Иная Русь | страница 79
Тени предков угадывались среди дубов, на заброшенном замчище. В беседке над посеребренной водой Свитязи сидела с книгой в руках если не сама паненка Марыля, то ее правнучка. Порой на улицах городка слышалась польская речь, туристы гуськом тянулись на курган Мицкевича, и чуть не каждый день по нашему огороду проходил долговязый войт (староста) — рассказывали, что он сторожит свою землю, которую отобрали большевики, — но у меня никогда не возникала мысль, что эта новогородокская земля, с легким флером польщизны, чужая. И замок, и Мицкевич, и войт, который хоть и ругался по-польски, но сам с собой говорил только по-белорусски, — все было своим. Как написано в белорусско-литовских летописях, на горе красной в четырех милях от Немана встал столец Великого княжества Литовского, нашего первого государства, — и это уже не вычеркнуть. Именно на здешних холмах оформилась государственность белорусов, а государственности без национального самосознания не бывает. Другое дело, что это самосознание прошло своеобразный путь. В XIII–XIV веках оно проявилось (пассионарный взрыв Л. Гумилева). В XVI веке достигло своего пика (так называемый «золотой век»). В XVII–XVIII веках произошел постепенный, но неуклонный спад, когда терялись привилегии белорусской шляхты и мужик загонялся в крепостное ярмо, когда запрещались язык и национальная одежда (за то, что человек появлялся в шляхетской одежде в государственном учреждении, могли потащить в суд), когда само упоминание о Литовском государстве искоренялось не только из документов, но и из памяти. Сами же литвины стали называться белорусами, и это породило большую путаницу в дальнейшем. Все, что было связано с «Литвой», перешло на балтскую ветвь балто-славянского древа. Сначала исчезла разница между литвинами и литовцами, затем между литовцами и аукшайтами и жмудинами, а в результате Великое княжество Литовское было объявлено собственно литовским государством, летувисским, в котором славянский элемент был вторичным. Противопоставление Руси и Литвы, как это ни странно, было выгодно всем, востоку и западу, оно сознательно подогревалось католическим и православным клиром, его вводили как данность в ортодоксальную науку московские и варшавские ученые. Примитивизация истории часто бывает удобным и действенным средством в борьбе за сферы влияния, каждый раз мы сталкиваемся с ней и удивляемся как чему-то новому.

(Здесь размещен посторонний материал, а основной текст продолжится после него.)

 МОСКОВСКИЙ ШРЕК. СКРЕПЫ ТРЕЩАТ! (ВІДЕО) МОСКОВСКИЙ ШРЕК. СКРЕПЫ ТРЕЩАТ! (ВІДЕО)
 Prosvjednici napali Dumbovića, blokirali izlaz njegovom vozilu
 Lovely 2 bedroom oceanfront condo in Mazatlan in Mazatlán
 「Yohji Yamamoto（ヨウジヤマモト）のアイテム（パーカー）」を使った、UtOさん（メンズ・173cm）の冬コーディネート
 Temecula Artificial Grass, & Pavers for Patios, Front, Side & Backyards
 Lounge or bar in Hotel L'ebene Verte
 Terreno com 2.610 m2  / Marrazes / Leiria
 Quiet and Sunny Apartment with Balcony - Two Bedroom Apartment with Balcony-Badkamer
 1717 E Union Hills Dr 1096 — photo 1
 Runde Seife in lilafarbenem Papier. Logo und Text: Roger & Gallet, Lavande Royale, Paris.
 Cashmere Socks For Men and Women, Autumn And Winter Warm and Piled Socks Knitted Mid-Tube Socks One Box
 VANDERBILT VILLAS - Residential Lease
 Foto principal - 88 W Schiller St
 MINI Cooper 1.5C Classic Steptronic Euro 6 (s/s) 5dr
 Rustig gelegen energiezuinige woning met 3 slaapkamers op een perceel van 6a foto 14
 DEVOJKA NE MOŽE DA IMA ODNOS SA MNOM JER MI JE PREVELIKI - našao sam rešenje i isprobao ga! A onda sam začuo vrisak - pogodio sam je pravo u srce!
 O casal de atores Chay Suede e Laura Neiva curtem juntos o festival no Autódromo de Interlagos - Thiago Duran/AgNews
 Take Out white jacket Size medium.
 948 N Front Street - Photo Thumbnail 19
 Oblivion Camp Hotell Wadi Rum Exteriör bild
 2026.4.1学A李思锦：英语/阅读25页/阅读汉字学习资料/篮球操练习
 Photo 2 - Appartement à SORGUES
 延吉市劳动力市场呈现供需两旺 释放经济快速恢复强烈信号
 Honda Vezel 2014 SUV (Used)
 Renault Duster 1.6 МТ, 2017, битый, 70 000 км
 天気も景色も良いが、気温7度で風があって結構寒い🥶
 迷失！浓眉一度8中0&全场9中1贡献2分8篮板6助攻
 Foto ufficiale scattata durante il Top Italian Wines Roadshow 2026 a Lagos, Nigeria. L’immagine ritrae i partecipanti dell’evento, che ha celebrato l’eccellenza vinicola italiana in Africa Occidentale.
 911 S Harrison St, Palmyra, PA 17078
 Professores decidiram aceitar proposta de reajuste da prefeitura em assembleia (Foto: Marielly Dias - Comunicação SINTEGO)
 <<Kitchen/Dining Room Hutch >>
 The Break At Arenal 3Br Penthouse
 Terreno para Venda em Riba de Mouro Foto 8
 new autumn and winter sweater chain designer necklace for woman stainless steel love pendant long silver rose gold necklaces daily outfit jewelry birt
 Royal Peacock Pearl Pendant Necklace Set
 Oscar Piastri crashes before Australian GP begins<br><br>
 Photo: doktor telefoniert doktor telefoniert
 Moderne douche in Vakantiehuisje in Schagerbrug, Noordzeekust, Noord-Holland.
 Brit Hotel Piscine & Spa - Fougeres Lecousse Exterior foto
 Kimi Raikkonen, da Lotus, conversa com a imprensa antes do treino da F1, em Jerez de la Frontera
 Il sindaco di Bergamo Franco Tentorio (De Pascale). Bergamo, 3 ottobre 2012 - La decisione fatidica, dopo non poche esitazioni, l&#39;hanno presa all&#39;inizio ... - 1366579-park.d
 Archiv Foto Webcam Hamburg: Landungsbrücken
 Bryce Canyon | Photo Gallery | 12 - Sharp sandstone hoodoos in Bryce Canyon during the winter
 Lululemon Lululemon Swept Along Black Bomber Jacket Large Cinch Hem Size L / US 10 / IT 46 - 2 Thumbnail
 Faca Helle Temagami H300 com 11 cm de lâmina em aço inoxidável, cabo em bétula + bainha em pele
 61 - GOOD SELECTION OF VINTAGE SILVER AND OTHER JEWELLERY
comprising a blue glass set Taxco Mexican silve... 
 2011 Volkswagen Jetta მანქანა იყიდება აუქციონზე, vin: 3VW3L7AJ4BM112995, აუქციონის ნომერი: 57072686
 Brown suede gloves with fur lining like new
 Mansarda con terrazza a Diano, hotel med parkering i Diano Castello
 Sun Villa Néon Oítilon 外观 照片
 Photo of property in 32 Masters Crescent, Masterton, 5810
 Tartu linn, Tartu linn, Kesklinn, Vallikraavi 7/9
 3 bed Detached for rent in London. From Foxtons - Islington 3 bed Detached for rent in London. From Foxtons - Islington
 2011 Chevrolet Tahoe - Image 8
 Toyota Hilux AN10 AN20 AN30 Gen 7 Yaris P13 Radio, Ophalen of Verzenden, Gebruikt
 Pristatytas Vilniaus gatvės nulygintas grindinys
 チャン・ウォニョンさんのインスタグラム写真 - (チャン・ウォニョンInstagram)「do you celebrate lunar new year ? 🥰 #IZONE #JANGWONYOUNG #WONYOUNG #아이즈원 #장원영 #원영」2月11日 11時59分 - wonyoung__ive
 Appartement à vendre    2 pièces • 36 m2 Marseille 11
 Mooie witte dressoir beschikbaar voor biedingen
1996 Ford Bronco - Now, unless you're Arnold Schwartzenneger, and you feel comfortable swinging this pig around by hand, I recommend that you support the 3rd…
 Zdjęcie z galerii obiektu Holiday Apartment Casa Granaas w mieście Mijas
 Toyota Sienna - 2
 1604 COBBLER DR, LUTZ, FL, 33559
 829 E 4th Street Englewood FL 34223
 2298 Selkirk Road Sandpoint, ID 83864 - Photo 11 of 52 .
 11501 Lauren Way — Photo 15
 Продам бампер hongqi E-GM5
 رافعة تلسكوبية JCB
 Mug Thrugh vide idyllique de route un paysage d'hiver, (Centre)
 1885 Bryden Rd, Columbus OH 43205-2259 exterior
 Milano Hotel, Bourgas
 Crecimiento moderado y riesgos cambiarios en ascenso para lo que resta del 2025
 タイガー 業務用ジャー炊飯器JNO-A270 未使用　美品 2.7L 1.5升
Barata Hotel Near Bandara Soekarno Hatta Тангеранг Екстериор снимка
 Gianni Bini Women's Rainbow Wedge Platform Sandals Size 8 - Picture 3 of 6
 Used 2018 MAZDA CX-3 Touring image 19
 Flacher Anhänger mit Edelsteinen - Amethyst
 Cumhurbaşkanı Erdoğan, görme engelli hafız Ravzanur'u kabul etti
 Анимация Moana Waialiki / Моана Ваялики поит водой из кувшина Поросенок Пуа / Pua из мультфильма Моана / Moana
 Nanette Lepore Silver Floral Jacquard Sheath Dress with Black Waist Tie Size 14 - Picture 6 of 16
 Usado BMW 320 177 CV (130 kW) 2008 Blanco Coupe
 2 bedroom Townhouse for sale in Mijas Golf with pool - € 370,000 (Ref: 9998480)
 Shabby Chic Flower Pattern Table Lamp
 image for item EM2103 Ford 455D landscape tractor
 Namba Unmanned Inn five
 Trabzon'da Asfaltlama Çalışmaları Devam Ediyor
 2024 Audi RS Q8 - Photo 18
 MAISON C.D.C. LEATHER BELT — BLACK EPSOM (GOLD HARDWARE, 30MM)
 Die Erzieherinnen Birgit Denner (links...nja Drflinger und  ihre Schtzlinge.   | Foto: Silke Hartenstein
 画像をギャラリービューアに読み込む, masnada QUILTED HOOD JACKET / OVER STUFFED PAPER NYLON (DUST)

Но вернемся к национальному самосознанию белорусов. В XIX веке произошел новый толчок народного волеизъявления (опять пассионарность?). Выявилась определенная консолидация шляхты с крестьянством (восстание 1863 года), возникла литература, и к началу XX века вновь созрели условия для возникновения белорусского государства. Мы не будем затрагивать вопрос о формах государственности и о путях ее возможного развития в рамках тогдашней политической ситуации в Европе. Отметим только, что временной промежуток национального возрождения в Беларуси был необычайно коротким, и сразу за ним начался очередной упадок, размеры которого можно сравнить только с тотальной катастрофой. Глубина атрофии национального самосознания белорусов, конечно, была отягощена теми условиями, в которых оказался народ в XVII и XVIII веках. Экономическое и национальное угнетение страшно не в своих повседневных проявлениях, а в перспективе, сейчас это можно сказать определенно.